▶ **Problem description**: Your output must be the line containing "Hotel Lemi otel fotoğrafı" followed by every later line in the entries below, all copied exactly.

▶ **The input**:
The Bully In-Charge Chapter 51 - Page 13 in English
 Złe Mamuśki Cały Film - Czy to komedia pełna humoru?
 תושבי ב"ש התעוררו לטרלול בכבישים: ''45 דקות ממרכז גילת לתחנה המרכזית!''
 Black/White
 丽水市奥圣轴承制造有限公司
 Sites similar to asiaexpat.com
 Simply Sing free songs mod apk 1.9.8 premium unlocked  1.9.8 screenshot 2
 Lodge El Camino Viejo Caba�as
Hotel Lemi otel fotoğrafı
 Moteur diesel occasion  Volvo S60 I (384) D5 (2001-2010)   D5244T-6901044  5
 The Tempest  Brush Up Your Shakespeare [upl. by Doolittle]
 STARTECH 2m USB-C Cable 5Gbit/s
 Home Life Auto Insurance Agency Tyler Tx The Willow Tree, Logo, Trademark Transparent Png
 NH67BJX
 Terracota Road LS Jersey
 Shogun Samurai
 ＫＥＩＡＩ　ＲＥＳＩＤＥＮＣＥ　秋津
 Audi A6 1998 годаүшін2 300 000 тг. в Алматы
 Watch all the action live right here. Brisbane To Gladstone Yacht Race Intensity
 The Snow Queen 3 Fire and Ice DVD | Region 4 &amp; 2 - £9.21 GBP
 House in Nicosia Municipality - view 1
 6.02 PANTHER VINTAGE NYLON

▶ **Output of the exercise**:
Hotel Lemi otel fotoğrafı
 Moteur diesel occasion  Volvo S60 I (384) D5 (2001-2010)   D5244T-6901044  5
 The Tempest  Brush Up Your Shakespeare [upl. by Doolittle]
 STARTECH 2m USB-C Cable 5Gbit/s
 Home Life Auto Insurance Agency Tyler Tx The Willow Tree, Logo, Trademark Transparent Png
 NH67BJX
 Terracota Road LS Jersey
 Shogun Samurai
 ＫＥＩＡＩ　ＲＥＳＩＤＥＮＣＥ　秋津
 Audi A6 1998 годаүшін2 300 000 тг. в Алматы
 Watch all the action live right here. Brisbane To Gladstone Yacht Race Intensity
 The Snow Queen 3 Fire and Ice DVD | Region 4 &amp; 2 - £9.21 GBP
 House in Nicosia Municipality - view 1
 6.02 PANTHER VINTAGE NYLON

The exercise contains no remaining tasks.